▸ **ACTIVITY**:
Set down each record exactly. Omit the pictures.

(Image-text web data)
-------------------------

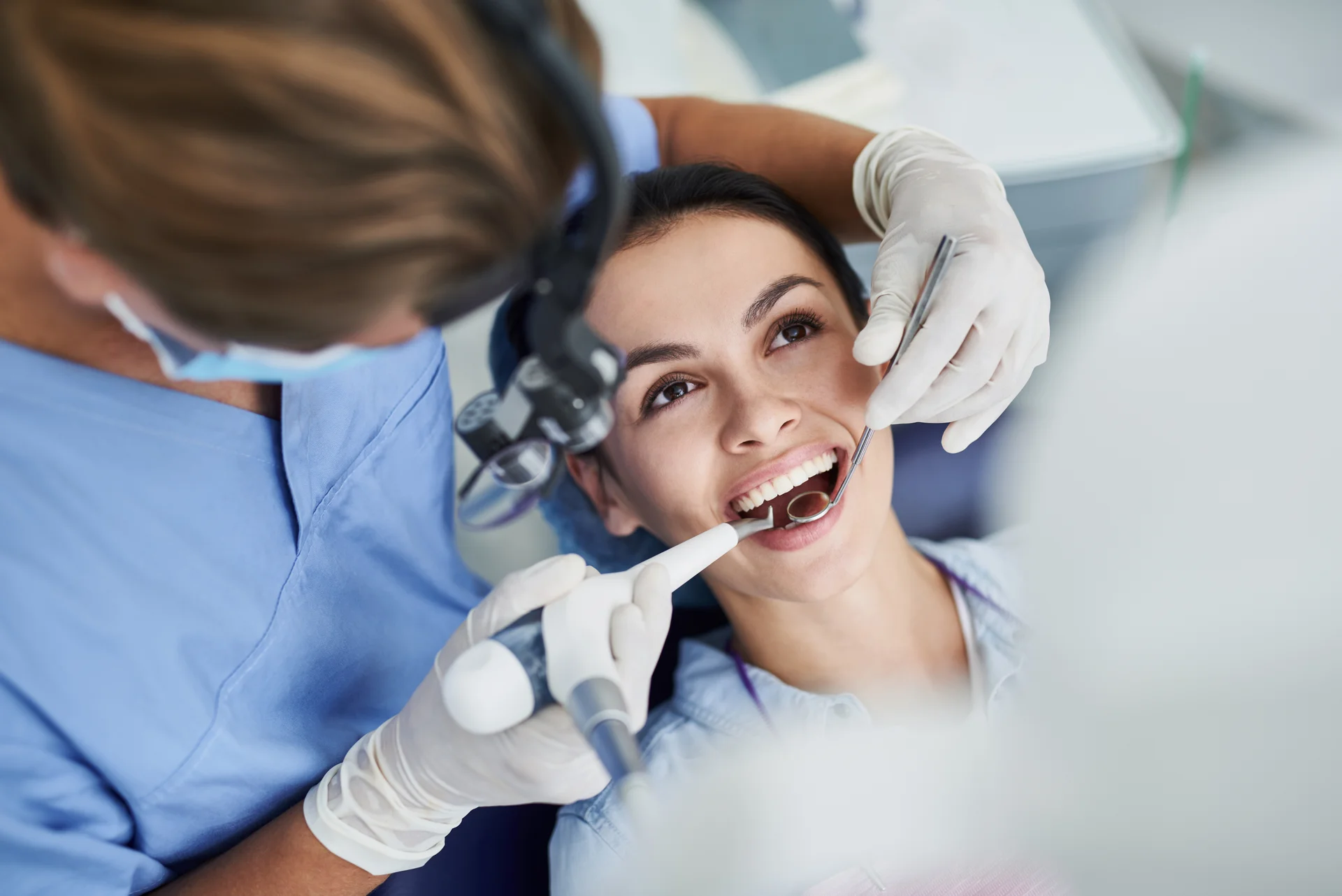On-screen review of a digital scan before treatment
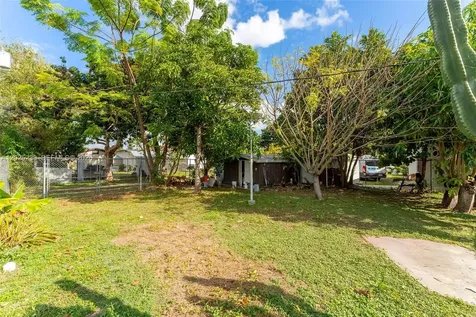445 NW 8th Street Homestead FL 33030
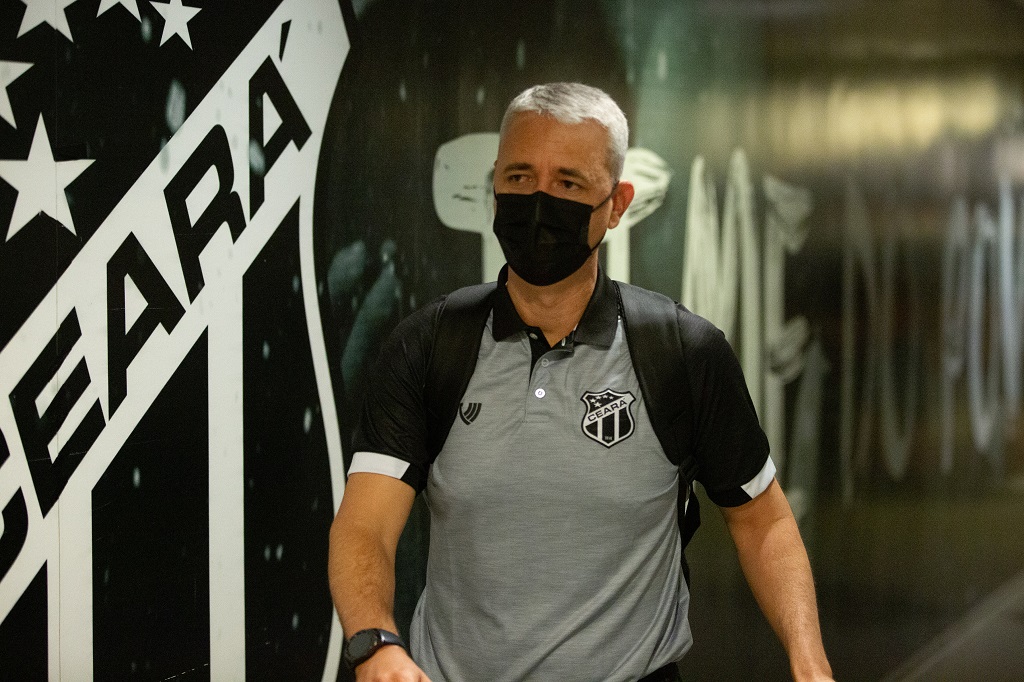 Após vencer o Corinthians, Tiago Nunes valoriza apoio da torcida e trabalho multidisciplinar em Porangabuçu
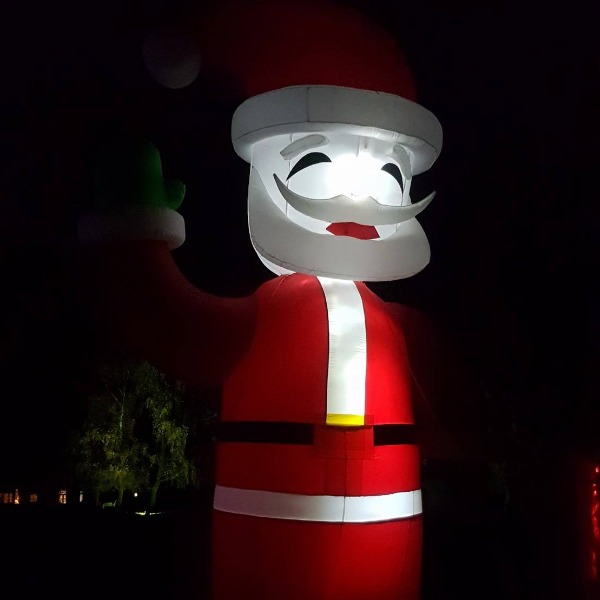 Opblaasbare Kerstman (4,5m hoog & lichtgevend)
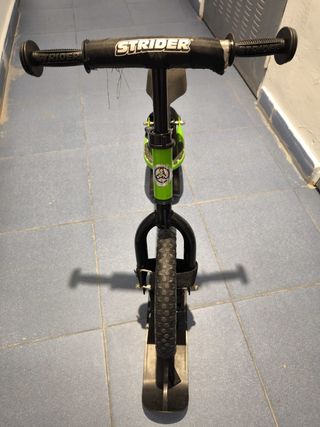 Bici de equilibrio Strider para nieve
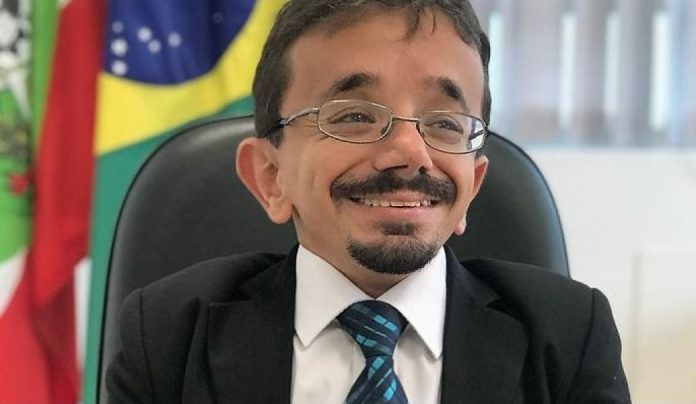 Vereador Gabrielzinho segue em coma induzido e respira por aparelhos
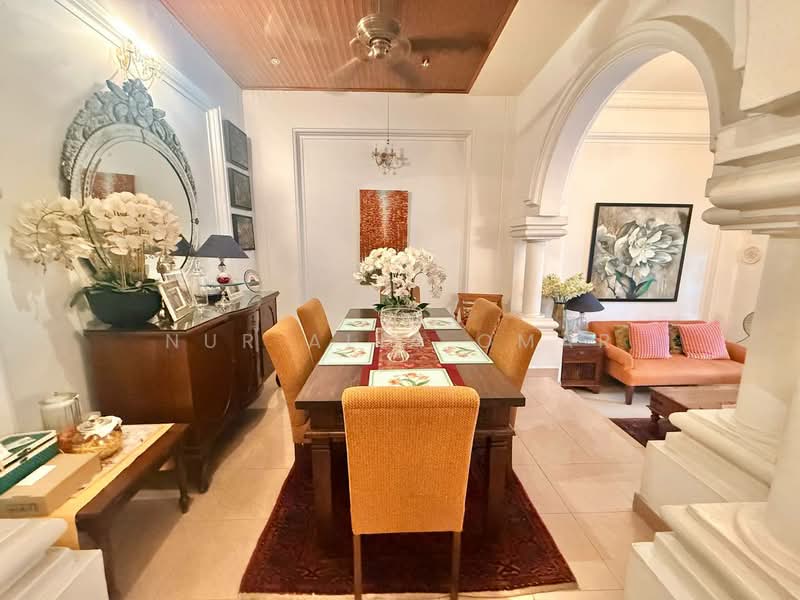 Rumah Teres 2.5 Tingkat untuk Dijual di Shah Alam (Selangor) - Nur Alia Omar - Dining Room - PropertyGuru.com.my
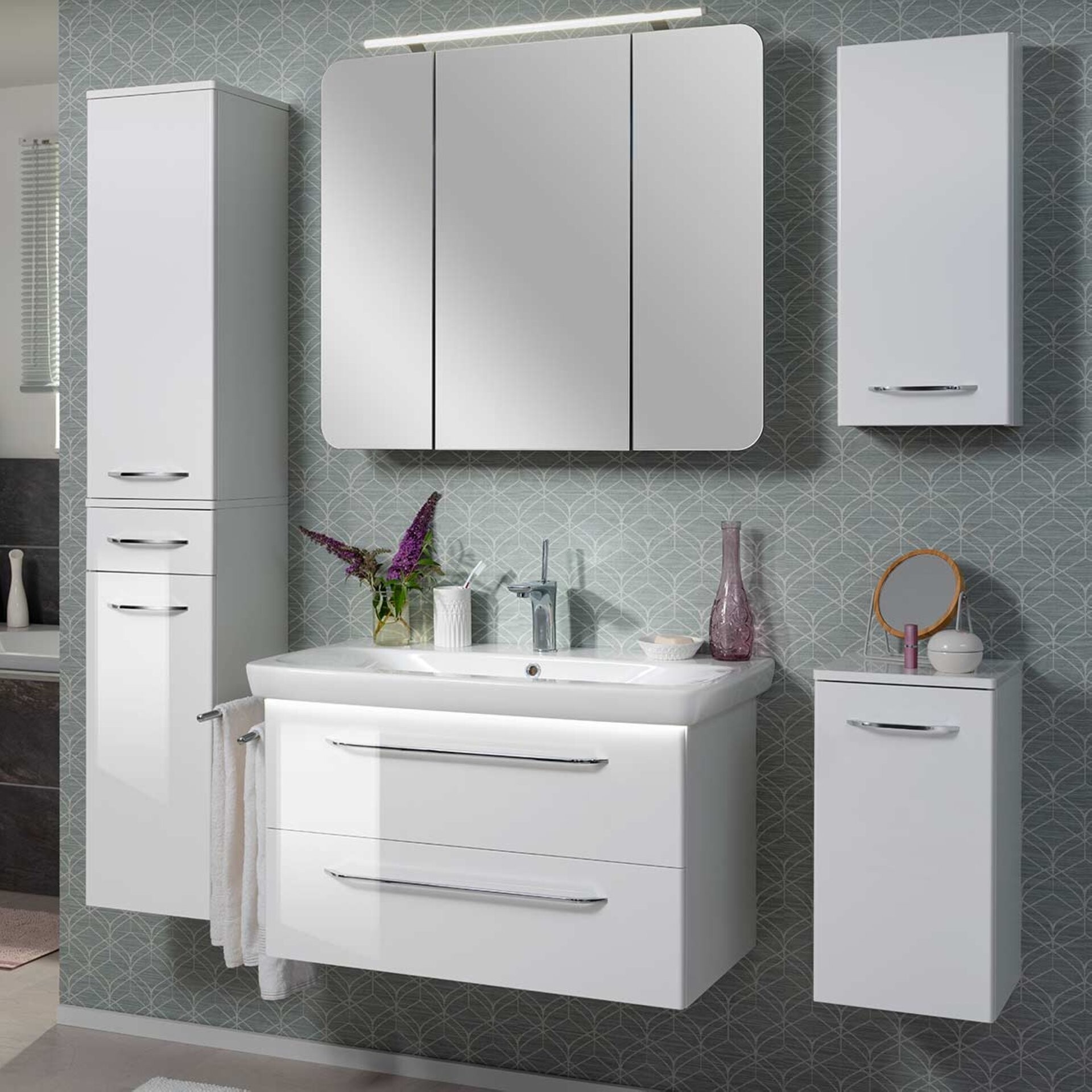 FACKELMANN MILANO Badmöbel Set 4-teilig, 88 cm breit, Weiß, Waschbecken Keramik, LED-Spiegelschrank + Hochschrank FACKELMANN MILANO Badmöbel Set 4-teilig, 88 cm breit, Weiß, Waschbecken Keramik, LED-Spiegelschrank + Hochschrank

-------------------------

▸ **ANSWER BOX**:
On-screen review of a digital scan before treatment
445 NW 8th Street Homestead FL 33030
 Após vencer o Corinthians, Tiago Nunes valoriza apoio da torcida e trabalho multidisciplinar em Porangabuçu
 Opblaasbare Kerstman (4,5m hoog & lichtgevend)
 Bici de equilibrio Strider para nieve
 Vereador Gabrielzinho segue em coma induzido e respira por aparelhos
 Rumah Teres 2.5 Tingkat untuk Dijual di Shah Alam (Selangor) - Nur Alia Omar - Dining Room - PropertyGuru.com.my
 FACKELMANN MILANO Badmöbel Set 4-teilig, 88 cm breit, Weiß, Waschbecken Keramik, LED-Spiegelschrank + Hochschrank FACKELMANN MILANO Badmöbel Set 4-teilig, 88 cm breit, Weiß, Waschbecken Keramik, LED-Spiegelschrank + Hochschrank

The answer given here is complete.